State and local police are badly needed to help overwhelmed federal immigration authorities apprehend and detain illegal aliens in the interior of our country. Illegal aliens currently outnumber federal immigration agents by 5,000 to one, and only 2,000 federal agents are active in enforcing the immigration laws in the interior of our country. Clearly, those numbers indicate that a limited number of federal agents are incapable of apprehending a majority of an estimated 12–20 million illegal aliens currently inside our nation's borders and would benefit from the assistance of the more than 600,000 state and local law enforcement officers nationwide who come into contact with illegal aliens every day. Many police officers routinely observe and even stop illegal aliens for violations of the law, however, those who arrest illegal aliens and proceed to contact federal immigration officials are all too often told to release the offenders unless a non-immigration offense is involved. This practice has commonly become known as “catch and release.” Even more troublesome is the fact that some police officers are prohibited by state or local laws or policies from cooperating with federal officials, a tactic adopted by some state and local governments that favor ensuring the well-being of illegal aliens rather than protecting law abiding American citizens from unnecessary harm and the adverse effects of illegal immigration on their communities.
Immigration law falls under federal code, so immigration enforcement falls under the federal government's domain.

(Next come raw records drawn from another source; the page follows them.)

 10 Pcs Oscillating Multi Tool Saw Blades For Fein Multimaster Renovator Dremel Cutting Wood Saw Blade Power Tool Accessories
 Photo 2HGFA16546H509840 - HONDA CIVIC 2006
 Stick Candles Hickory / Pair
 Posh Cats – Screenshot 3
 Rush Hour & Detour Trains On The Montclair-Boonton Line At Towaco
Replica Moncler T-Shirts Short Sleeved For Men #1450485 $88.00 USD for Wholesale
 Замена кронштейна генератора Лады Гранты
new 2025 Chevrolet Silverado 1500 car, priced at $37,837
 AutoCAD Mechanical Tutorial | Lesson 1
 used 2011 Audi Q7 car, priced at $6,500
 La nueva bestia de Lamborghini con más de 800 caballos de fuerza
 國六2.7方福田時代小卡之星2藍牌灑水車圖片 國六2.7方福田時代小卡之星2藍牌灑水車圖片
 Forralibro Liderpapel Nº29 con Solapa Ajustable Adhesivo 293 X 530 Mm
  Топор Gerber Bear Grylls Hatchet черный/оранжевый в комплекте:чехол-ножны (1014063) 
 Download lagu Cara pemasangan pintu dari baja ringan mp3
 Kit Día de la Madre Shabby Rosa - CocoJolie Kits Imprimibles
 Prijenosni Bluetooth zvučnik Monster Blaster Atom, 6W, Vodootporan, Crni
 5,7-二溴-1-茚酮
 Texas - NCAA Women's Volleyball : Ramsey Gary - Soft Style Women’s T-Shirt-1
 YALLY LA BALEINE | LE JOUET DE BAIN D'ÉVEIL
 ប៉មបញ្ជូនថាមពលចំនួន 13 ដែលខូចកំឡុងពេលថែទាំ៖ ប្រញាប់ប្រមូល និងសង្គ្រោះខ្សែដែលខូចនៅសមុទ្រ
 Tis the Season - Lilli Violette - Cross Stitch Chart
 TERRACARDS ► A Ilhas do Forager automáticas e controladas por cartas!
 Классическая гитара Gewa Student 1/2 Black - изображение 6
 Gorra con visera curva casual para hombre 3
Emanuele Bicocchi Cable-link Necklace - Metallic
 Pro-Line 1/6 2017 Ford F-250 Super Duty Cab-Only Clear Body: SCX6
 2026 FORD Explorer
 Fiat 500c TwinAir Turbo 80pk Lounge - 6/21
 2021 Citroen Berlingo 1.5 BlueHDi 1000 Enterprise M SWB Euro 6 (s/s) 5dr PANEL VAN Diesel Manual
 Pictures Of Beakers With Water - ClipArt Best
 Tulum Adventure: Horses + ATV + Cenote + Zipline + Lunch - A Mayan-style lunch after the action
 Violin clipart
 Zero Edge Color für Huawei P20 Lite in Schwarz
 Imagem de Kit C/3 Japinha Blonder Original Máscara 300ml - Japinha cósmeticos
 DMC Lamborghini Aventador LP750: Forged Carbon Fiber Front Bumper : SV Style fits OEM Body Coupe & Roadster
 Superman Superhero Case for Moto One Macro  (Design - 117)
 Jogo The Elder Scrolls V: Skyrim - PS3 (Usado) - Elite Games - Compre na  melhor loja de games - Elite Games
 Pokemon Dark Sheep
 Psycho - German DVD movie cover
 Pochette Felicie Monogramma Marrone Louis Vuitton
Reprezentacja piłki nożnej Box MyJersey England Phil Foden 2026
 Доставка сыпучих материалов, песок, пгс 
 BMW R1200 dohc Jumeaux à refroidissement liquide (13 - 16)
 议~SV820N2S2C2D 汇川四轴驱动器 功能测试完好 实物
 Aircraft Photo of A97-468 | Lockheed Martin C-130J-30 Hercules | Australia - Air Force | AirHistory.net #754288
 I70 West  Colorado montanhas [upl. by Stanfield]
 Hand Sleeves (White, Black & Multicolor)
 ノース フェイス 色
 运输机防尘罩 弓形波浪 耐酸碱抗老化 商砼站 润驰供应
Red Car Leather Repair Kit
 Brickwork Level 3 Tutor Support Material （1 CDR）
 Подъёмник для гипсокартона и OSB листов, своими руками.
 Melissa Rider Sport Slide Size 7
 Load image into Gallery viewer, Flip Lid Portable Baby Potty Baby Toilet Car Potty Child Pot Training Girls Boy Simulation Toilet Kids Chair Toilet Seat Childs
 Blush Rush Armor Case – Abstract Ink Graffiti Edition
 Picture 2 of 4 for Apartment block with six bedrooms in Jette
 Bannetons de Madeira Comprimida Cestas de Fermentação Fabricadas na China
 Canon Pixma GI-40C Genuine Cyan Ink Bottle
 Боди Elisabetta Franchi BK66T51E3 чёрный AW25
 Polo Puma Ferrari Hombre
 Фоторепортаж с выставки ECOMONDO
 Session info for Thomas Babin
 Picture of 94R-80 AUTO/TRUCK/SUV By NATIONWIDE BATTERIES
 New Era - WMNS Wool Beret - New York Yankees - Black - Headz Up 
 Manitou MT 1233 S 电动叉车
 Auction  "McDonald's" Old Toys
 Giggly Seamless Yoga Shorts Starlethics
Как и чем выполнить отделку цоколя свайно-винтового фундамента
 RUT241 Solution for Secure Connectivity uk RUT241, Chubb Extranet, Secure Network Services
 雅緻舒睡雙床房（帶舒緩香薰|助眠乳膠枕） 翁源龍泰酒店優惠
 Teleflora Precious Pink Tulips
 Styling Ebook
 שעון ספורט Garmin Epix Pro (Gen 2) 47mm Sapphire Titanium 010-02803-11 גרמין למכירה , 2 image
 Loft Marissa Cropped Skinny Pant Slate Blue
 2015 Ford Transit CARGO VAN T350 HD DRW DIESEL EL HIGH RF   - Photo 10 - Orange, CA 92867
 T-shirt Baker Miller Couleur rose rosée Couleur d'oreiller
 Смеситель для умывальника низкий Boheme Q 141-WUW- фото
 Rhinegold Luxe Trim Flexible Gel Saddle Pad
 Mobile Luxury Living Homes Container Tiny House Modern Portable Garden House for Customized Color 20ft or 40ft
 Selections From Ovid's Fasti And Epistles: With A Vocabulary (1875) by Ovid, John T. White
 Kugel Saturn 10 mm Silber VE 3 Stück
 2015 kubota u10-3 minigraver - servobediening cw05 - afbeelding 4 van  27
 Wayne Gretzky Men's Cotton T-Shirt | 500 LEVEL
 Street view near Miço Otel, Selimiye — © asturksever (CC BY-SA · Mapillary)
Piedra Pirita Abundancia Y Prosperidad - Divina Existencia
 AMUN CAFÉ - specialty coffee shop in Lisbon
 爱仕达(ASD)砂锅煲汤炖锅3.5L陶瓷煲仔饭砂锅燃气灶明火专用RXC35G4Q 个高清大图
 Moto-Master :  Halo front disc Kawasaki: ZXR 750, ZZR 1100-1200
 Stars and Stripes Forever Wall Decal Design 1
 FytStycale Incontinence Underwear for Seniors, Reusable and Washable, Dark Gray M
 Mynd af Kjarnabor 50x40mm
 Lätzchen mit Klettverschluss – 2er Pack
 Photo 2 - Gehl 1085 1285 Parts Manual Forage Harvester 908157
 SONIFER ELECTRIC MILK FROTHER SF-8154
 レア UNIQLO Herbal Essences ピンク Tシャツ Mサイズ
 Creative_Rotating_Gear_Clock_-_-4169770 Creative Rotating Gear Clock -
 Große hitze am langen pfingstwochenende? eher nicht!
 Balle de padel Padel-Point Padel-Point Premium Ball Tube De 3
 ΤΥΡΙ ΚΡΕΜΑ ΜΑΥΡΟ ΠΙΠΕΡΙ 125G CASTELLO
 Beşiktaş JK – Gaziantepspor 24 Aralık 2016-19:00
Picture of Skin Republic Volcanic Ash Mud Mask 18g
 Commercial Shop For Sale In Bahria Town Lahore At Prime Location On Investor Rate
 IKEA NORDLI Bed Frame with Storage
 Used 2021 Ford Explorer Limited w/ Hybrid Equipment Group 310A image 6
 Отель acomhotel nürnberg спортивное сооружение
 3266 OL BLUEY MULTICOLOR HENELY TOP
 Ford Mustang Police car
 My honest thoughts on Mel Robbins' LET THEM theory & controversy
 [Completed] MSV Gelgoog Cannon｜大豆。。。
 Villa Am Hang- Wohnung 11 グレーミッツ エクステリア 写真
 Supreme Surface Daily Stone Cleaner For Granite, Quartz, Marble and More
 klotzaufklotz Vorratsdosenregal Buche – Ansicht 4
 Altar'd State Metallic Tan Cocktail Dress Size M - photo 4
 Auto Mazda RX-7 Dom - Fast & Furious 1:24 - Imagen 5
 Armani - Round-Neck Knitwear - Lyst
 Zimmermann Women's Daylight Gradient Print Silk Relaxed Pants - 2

But several states and local municipalities have taken immigration enforcement into their own hands by passing legislation that prevents illegal aliens from accessing certain public benefits, i.e., in-state tuition rates and driver's licenses.
Several states have passed legislation requiring employers to use E-Verify. E-Verify is an employment verification tool managed by the Department of Homeland Security that uses information from the Social Security Administration and United States Citizenship and Immigration Services to determine an applicant's eligibility to work.
The CLEAR ACT
State and local police are badly needed to help overwhelmed federal immigration authorities apprehend and detain illegal aliens in the interior of our country.
- Only about 5,000 active agents are enforcing immigration laws in the interior of the country
- There are 11-18 million illegal aliens in the United States with hundreds of thousands more arriving every year
- Illegal aliens outnumber federal immigration agents 2,200-to-1
- More than 600,000 state and local law enforcement officers come into contact with illegal aliens every day
- Many state and local officers are unsure of their authority when they come in contact with illegal aliens who have committed no additional crimes
- Some state and local policies even forbid officers from cooperating with federal immigration agents, despite a federal law prohibiting such policies
The CLEAR Act (H.R.2406) clarifies state and local officers' authority to detain illegal aliens and requires the federal government to respond to state and local requests to pick up and remove the illegal aliens.
Introduced by Rep. Marsha Blackburn (R-TN) on May 14, 2009, the CLEAR Act:
- Increases SCAAP funds for communities that work with, and not against, federal immigration enforcement efforts, and recognizes the important role local governments’ play in securing our homeland;
- Provides recognition of inherent state and local law enforcement authority to help enforce immigration law, but leaves it up to individual agencies to determine how big a role they will play;
- Improves information sharing with the federal government;
- Sets requirements for the federal government to expeditiously remove criminal aliens; and
- Increases federal resources for local governments that choose to assist in immigration enforcement.